Живет писатель в Швейцарии, рукописи посылает в Париж. Конечно же, в Бельгии такому человеку тесно. Но он остался бельгийцем. Мои льежские собеседники подчеркивают это. Во-первых, чуть ли не в каждом романе он упоминает родные места. Хотя бы вскользь, одной-двумя фразами. Кто-нибудь из действующих лиц непременно бельгиец. А случайно ли, что в романах Сименона так часто идет дождь? Притом особый, льежский дождь, основательный, упорный…
Во-вторых, он бельгиец по характеру. Да, ноги на земле, а голова в облаках. Работник удивительно организованный и прилежный, — иначе разве мог бы он столько писать! И в то же время — бурная, неисчерпаемая фантазия, необычайная способность создавать сложные сюжеты, увлечь читателя, привести к неожиданной развязке.

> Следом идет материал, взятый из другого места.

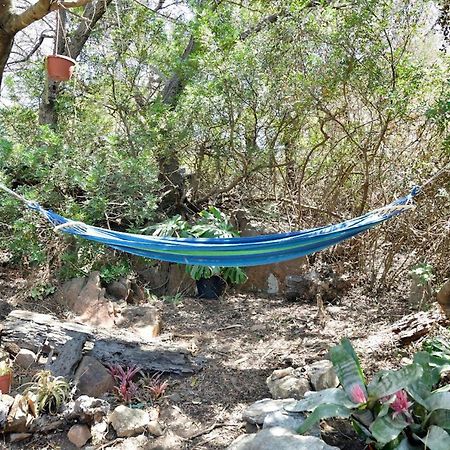 Colori Della Sardegna Διαμέρισμα Bari Sardo Εξωτερικό φωτογραφία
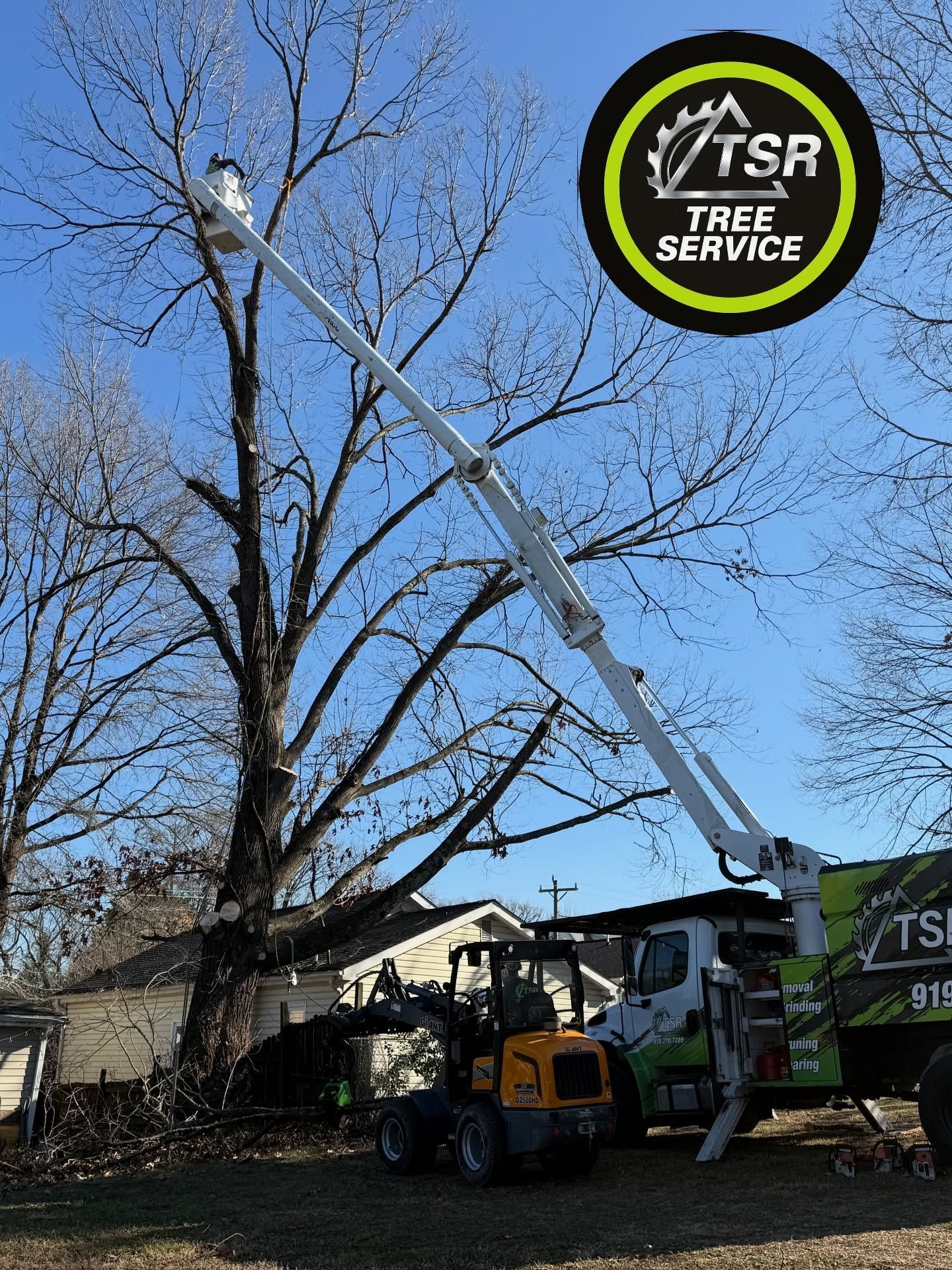 Tree service crew trimming a large tree with a bucket truck and chainsaw on a residential street.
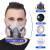 LISM防毒面具全面罩防尘面罩防工业粉尘全脸喷漆专用防护防烟氧气甲醛 6200双罐防尘面具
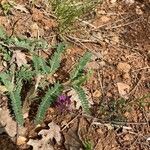 Astragalus hypoglottis Blad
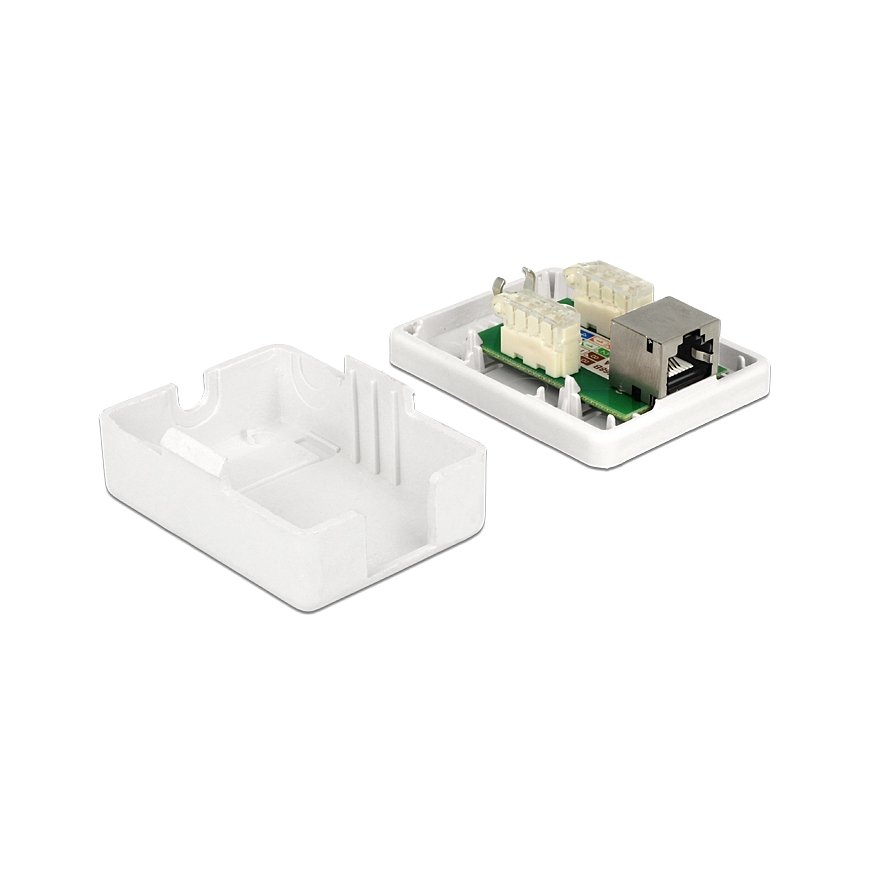 DeLOCK 86169 pistorasia RJ-45 Valkoinen – 3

Я во многом согласен с льежанами. Побывав в Льеже, я, кажется, лучше понял Сименона — одного из моих самых любимых писателей.
Комиссар Мегрэ действует в Париже. Атмосфера Парижа передается в романах лаконично, часто мимоходом, отдельными, зорко подмеченными мелочами. Сименон знает Париж и любит его. Мы уже говорили, что для уроженца Валлонии культурной границы с Францией, в сущности, нет. А для Сименона и подавно. Еще молодым журналистом он уехал в Париж попытать удачи в редакции большой газеты. И удержался, приобрел известность своими репортажами, главным образом из зала суда. Розыск и суд, раскрытие преступлений — и неизбежное обнажение человеческих пороков, страстей, судеб приковали внимание будущего писателя. Огромный, кипучий Париж давал богатейший материал такого рода.
Внимательно читая Сименона, нетрудно проследить, как перерабатывает писатель эпизод из уголовной хроники, как из этой первоосновы вырастает роман.
Ему, Сименону, в самом деле понадобилась голова в облаках. И твердая земля под ногами.